E então num determinado momento houve uma vaia. Mandaram a presidenta do país tomar naquele lugar. Mas quem era esse populacho? Quem representava? 47,7% de brancos, 43,1% de pardos e 7,6% de negros. Essa é a população do meu país. No Itaquerão entre 60 mil pessoas encontrei apenas 3. Devia ter muito mais não é? Eu que não percebi. Escondido em algum canto estavam 4500 negros e 26 mil pardos. Não os vi. Você os viu? Bem, deixemos as ironias de lado. Infelizmente eu só vi 3 deles. Oh sim, me desculpem. No campo jogando bola havia um monte. Não dava para incluir não é? Acho que ali estava uma boa representação de nossa população, 3 brancos e 8 pardos.
Então, como dizia, em algum momento parte do estádio vaiou e mandou a presidenta tomar naquele lugar. Dizem que eram dos camarotes que partiam as vaias. Nesses locais os ingressos estavam com o custo aproximado de mil reais. Ali estava a elite desse país. Ela xingou. Xingou da maneira mais baixa. Uma demonstração para todo o mundo (dizem que 3 bilhões de espectadores) do porquê do Brasil ter estado por 500 anos na desigualdade social que esteve. Mostrou que nesse país ainda existe um desejo velado de aparthaide. O desejo de colocar aqueles que não estavam representados no estádio de volta para a senzala. O estádio era agora uma ilha da casa-grande e ela mostrou todo seu ódio por vivermos uma segunda libertação dos escravos. Muito mais sólida. E ali, a poucos metros deles estava uma nova e silenciosa princesa Isabel. E a elite aproveitou para destilar seu ódio.
Não meu amigo e minha amiga, meu inimigo e minha inimiga, não, essa torcida não me representa. E termino dizendo que a beleza do Hino Nacional - sempre interrompido nos eventos públicos na sua metade - continuado quase aos gritos na abertura dessa copa, não indica patriotismo não. O ato apenas reforça a vontade de voltar aos anos 70, onde o Hino era justamente a arma de um regime autoritário. Cantado a plenos pulmões nas paradas militares, desfiles cívicos e nas escolas. Cantados juntos com jargões políticos da direita "ame-o ou deixe-o", "Esse é um país que vai pra frente" e tantos outros. Cantado mas não vivido. Foi lindo, emocionante. Mas é uma pena que por trás desse patriotismo aparente existe uma patriotada.
Não me representam!
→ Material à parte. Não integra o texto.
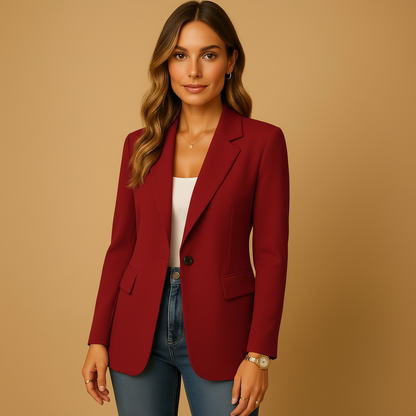 Women's Office Tailored Notch Lapel Fitted Blazer
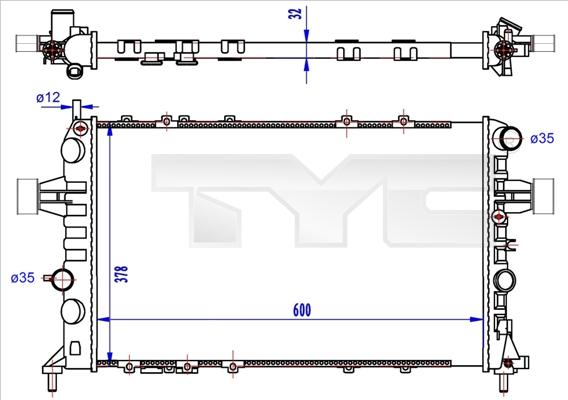 TYC 725-0041-R - Radiators, Motora dzesēšanas sistēma ps1.lv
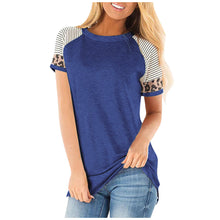 Load image into Gallery viewer, Women Round neck striped leopard stitching short sleeve T-shirt
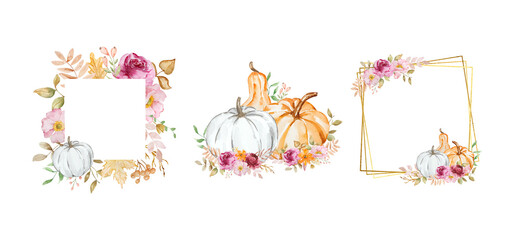 Watercolor autumn frames set with pumpkins, flowers, fall leaves
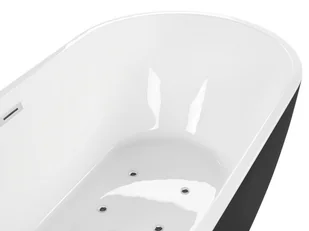 Wanna Wolnostojąca Led Z Hydromasażem 170 X 80 Cm Czarna Nevis Iii! - Wanny z hydromasażem - miniaturka - grafika 9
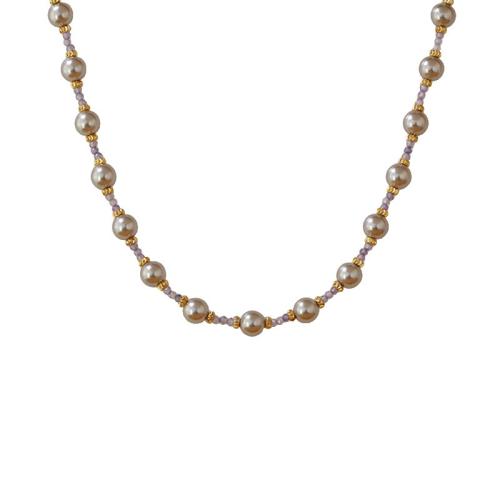Glass Pearl Necklace, Brass, with Glass Beads & Crystal, with 5.5cm extender chain, 18K gold plated, fashion jewelry & for woman, Pearl 6mm cm 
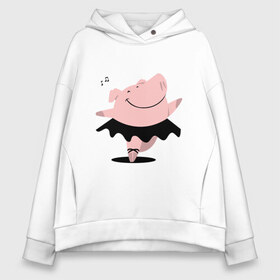 Женское худи Oversize хлопок с принтом Dancing Pig в Кировске, френч-терри — 70% хлопок, 30% полиэстер. Мягкий теплый начес внутри —100% хлопок | боковые карманы, эластичные манжеты и нижняя кромка, капюшон на магнитной кнопке | 2019 | дед мороз | дом | елка | желание | животные | зима | кабан | милый | мороз | настроение | новый год | пеппа | подарок | позитив | поросенок | праздник | радость | рождество | салют | санта клаус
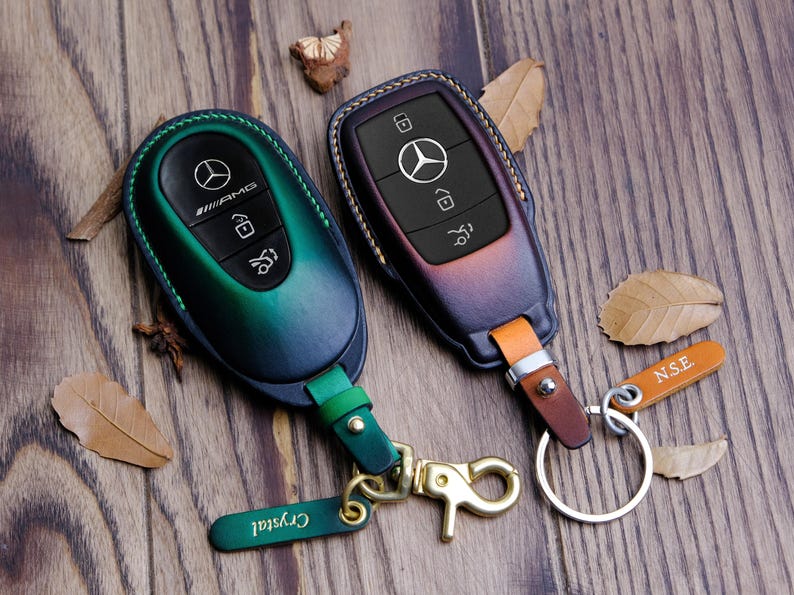 Móc khóa da thủ công cho xe Mercedes-Benz GLE, vỏ chìa khóa xe hơi bằng da thủ công phù hợp với Mercedes Benz CE S-Class GLA GLC, phụ kiện Mercedes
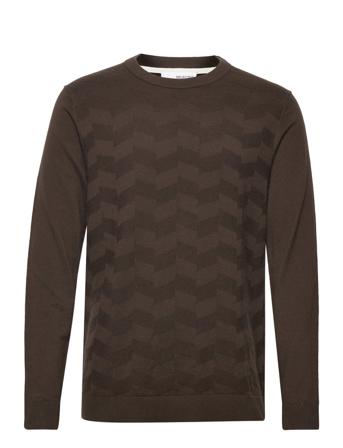 Slhromen Ls Knit Pattern Crew Neck B Brown Selected Homme
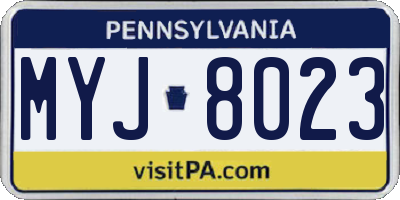 PA license plate MYJ8023
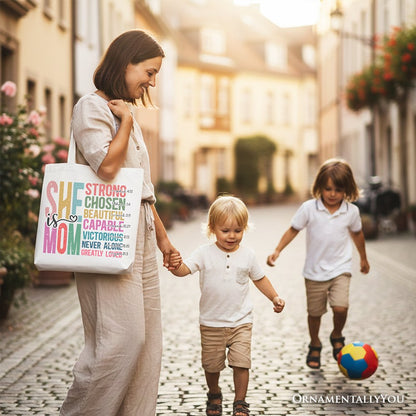 Strong Christian Mom Canvas Tote Bag and Gift
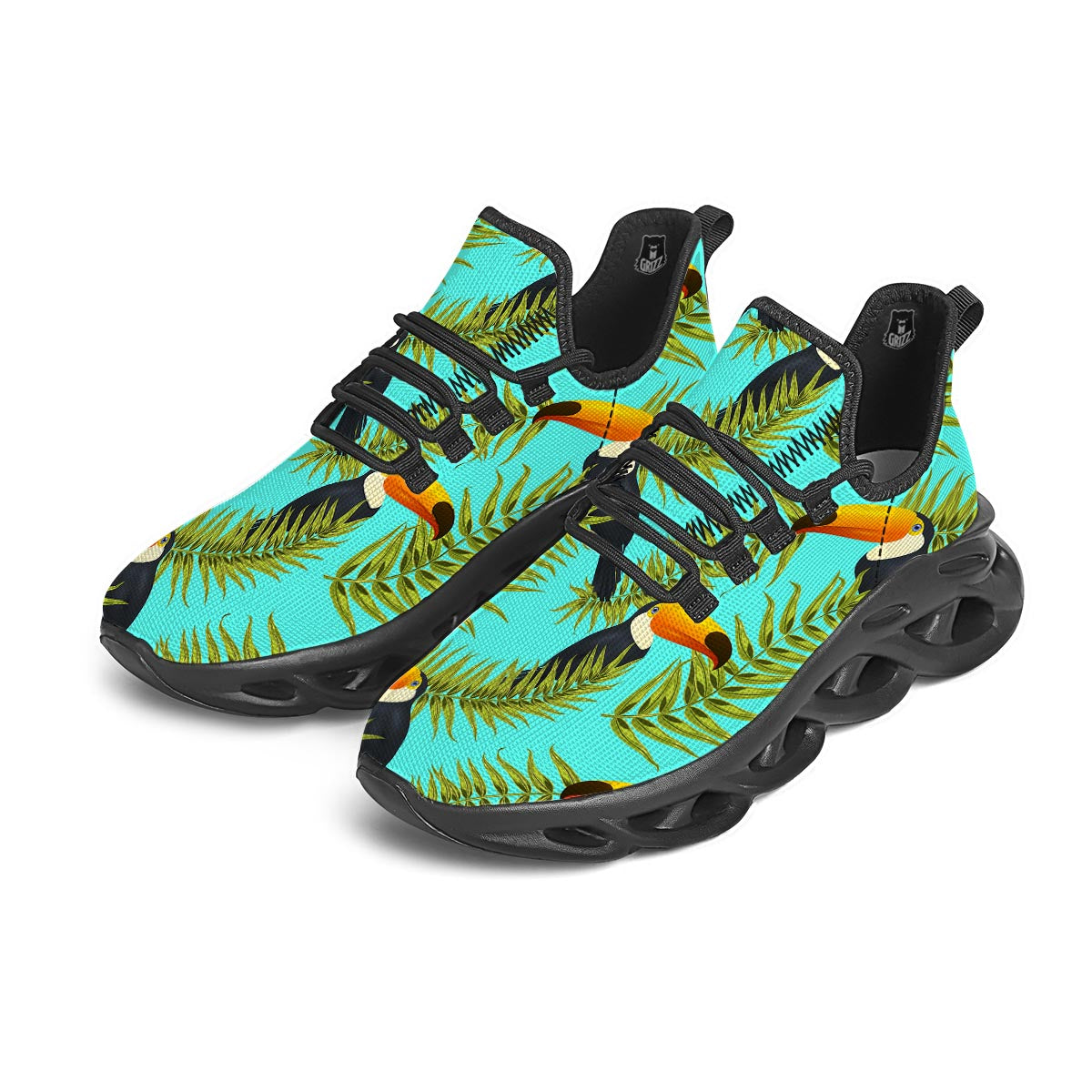 Toucan Toco Print Pattern Black Running Shoes-grizzshop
Fico com aqueles que ficaram fora dos estádios. Com suas TVs. Nas praças. Nos bares. Negros, pardos, índios, nordestinos, nortistas. Fico com aqueles que ainda a pouco deixaram a senzala e assumiram seu lugar na vida. Que podem agora viajar de avião para desespero dos feitores e senhores de engenho. Esse é meu povo! Fico com aqueles que, sendo brancos como eu, entendem o sentido de partilha e de responsabilidade social. Vestem verde e amarelo porque amam esse país e não a eles mesmos. Amam o futebol, esporte de todos.
Eu fico com meu povo. Com meu povo brasileiro!